Dit autrement, la position de la Chambre sociale de la Cour de cassation est la suivante : l’employeur ne peut traiter différemment des salariés qui se trouvent dans la même situation au regard d’un avantage qu’à la condition que des raisons objectives et pertinentes justifient cette différence de traitement.
Le premier terme de cette affirmation énonce que l’employeur n’est pas fondé à accorder un traitement différent à des salariés placés dans une situation identique au regard d’un avantage.
A titre d’illustration récente, il a ainsi été jugé qu’un employeur n’était pas en droit de refuser une prime de panier à une salariée alors qu’il l’accordait aux autres salariés de l’atelier dans lequel elle travaillait.
Pour toute justification de cette différence de traitement, l’employeur avançait que cet avantage serait réservé aux commerciaux, argument qui s’est révélé en réalité inexact.
Il est condamné en conséquence à payer la prime à la salariée lésée (Cass. Soc. 19 oct. 2022 n° 21-16321).
Autre exemple, un ouvrier ayant pris sa retraite réclamait à son employeur le paiement d’un 14ème mois qu’avaient perçu d’autres salariés de l’entreprise.
L’employeur lui opposait qu’il ne pouvait y prétendre car le bénéfice de cette prime était attribué aux cadres et à certains agents de maîtrise, catégories dont il ne relevait pas.
Les Juges constatent cependant que le critère d’attribution ne tenait pas à la différence entre d’une part, les salariés cadres et agents de maîtrise, et d’autre part les ouvriers, en sorte que le salarié se trouvait, au regard de l’avantage considéré dans la même situation que celle des salariés auxquels il se comparait.
La différence de traitement ne reposant pas sur des raisons objectives, l’employeur est donc redevable du paiement de la prime litigieuse (Cass. Soc. 24 juin 2020 n° 18-20506).
Qu’est-ce qu’une raison objective et pertinente pouvant justifier une différence de traitement entre salariés se trouvant dans la même situation ?
La jurisprudence s’avère là encore éclairante.

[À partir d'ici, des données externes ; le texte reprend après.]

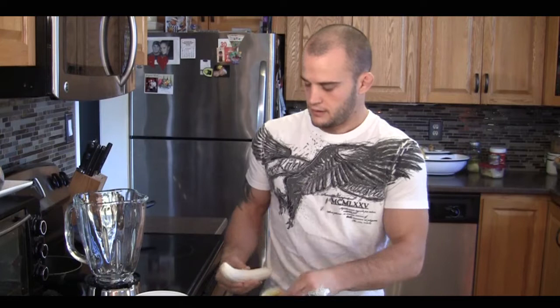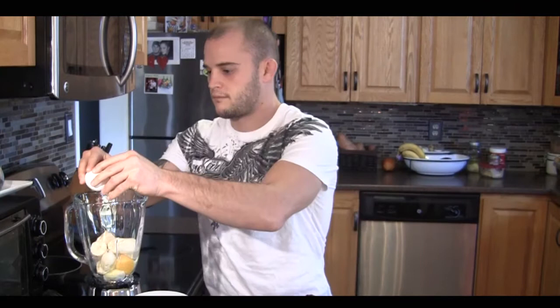Alright, here we go. Depending on how many people you're cooking for, there are so many variations you can do. But per banana, you want to put two eggs. So I'm going to put two bananas in there and four eggs. I'm cooking for two. Keep in mind, we're going to have a calorie counter on my website so you can look at how much a banana is worth in calories, eggs, and so on.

Des salariés exerçant des fonctions d’agent d’exploitation bagagiste, occupés au chargement et déchargement des bagages des voyageurs transportés sur le site aéroportuaire de Roissy, invoquent une différence de traitement injustifiée avec leurs collègues travaillant sur un autre site (Orly), qui bénéficient d’une prime à laquelle ils n’ont pas droit.
La Cour d’appel, approuvée par la Chambre sociale de la Cour de cassation, relève que le versement de la prime est accordé aux salariés en raison de conditions particulières de travail liées à une situation de sous-effectif persistante, elle a pour objet de compenser la sujétion liée à une surcharge de travail à laquelle leurs collègues des autres sites ne sont pas soumis.
Cette circonstance constitue donc une raison objective et pertinente pouvant justifier une différence de traitement (Cass. Soc. 4 oct. 2017 n° 16-17425).
Nécessité que les règles déterminant les conditions d’éligibilité à la mesure soient préalablement définies et contrôlables
Dans ses dernières décisions, la Cour régulatrice exige pose une exigence supplémentaire.
Elle énonce ainsi qu’en application du principe d’égalité de traitement, si des mesures peuvent être réservées à certains salariés, c’est à la condition que tous ceux placés dans une situation identique, au regard de l’avantage en cause, aient la possibilité d’en bénéficier, à moins que la différence de traitement soit justifiée par des raisons objectives et pertinentes et que les règles déterminant les conditions d’éligibilité à la mesure soient préalablement définies et contrôlables (Cass. soc. 15 mars 2023 n° 21-18078, Cass. soc. 16 mars 2022 n° 20-22688).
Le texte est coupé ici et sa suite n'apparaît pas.